→ Goal of the exercise
In the material below, the lines between the one holding "3PCS set height" and the one holding "Vintage Decorative Ceramic", inclusive, are to be set down word for word. Pictures stay out.

→ Recorded data
--------------------------------
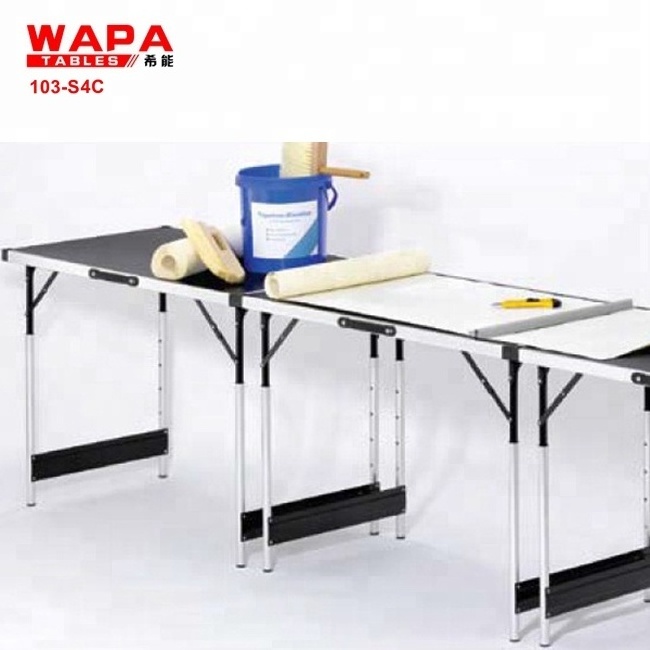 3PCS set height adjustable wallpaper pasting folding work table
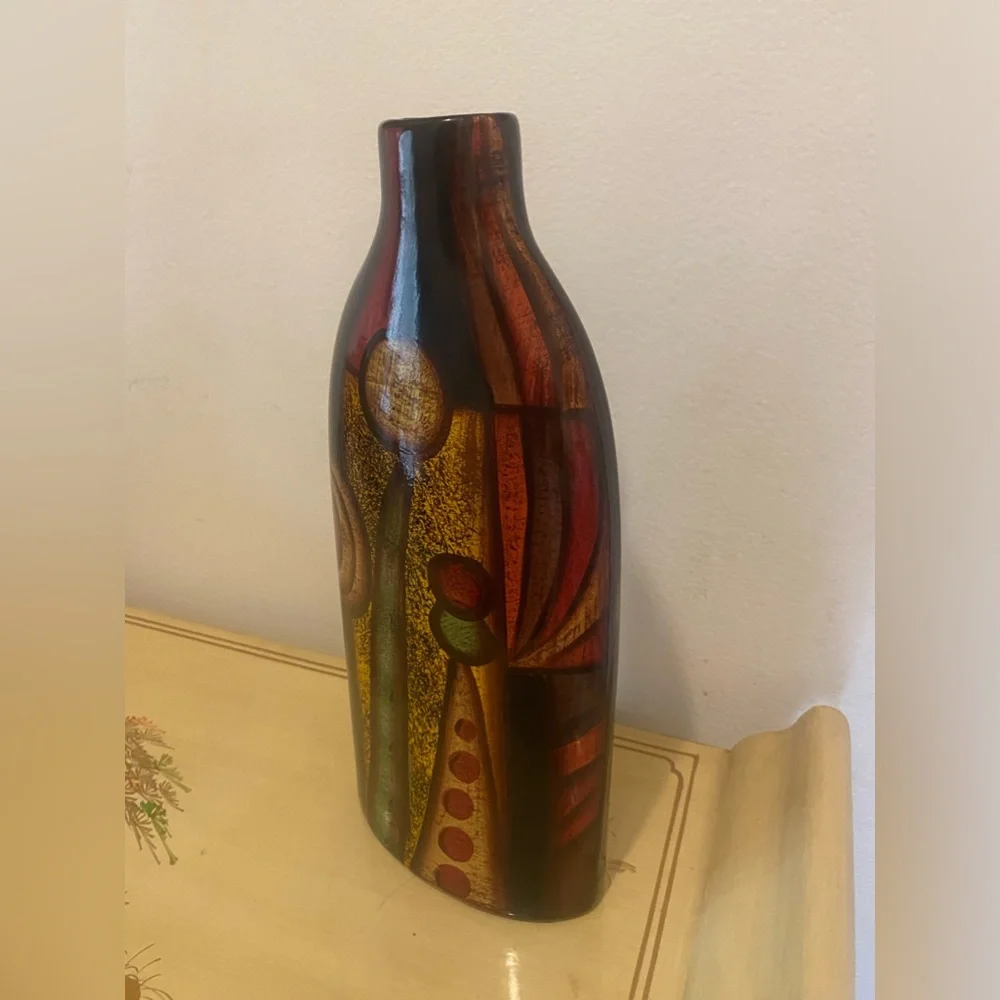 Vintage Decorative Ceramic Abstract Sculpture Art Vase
--------------------------------
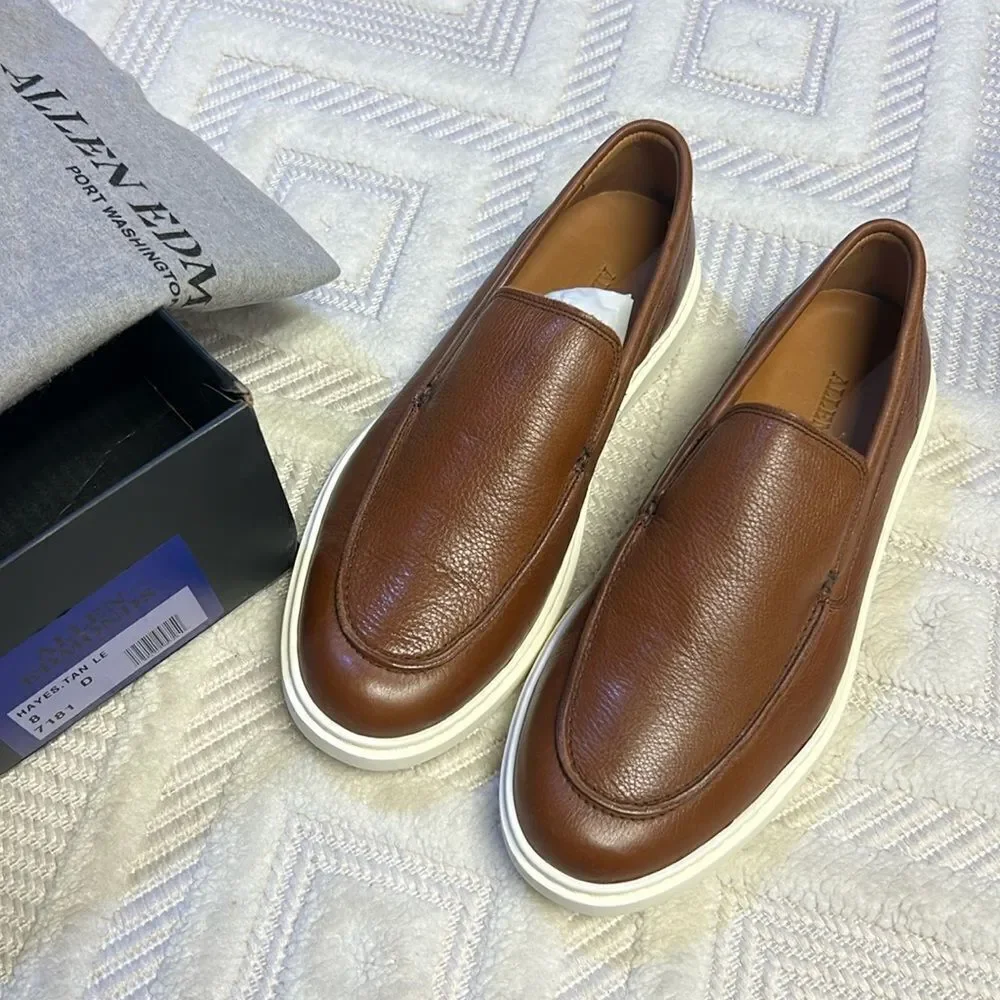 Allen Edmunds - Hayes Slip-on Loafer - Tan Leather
--------------------------------
→ Expected answer
 3PCS set height adjustable wallpaper pasting folding work table
 Vintage Decorative Ceramic Abstract Sculpture Art Vase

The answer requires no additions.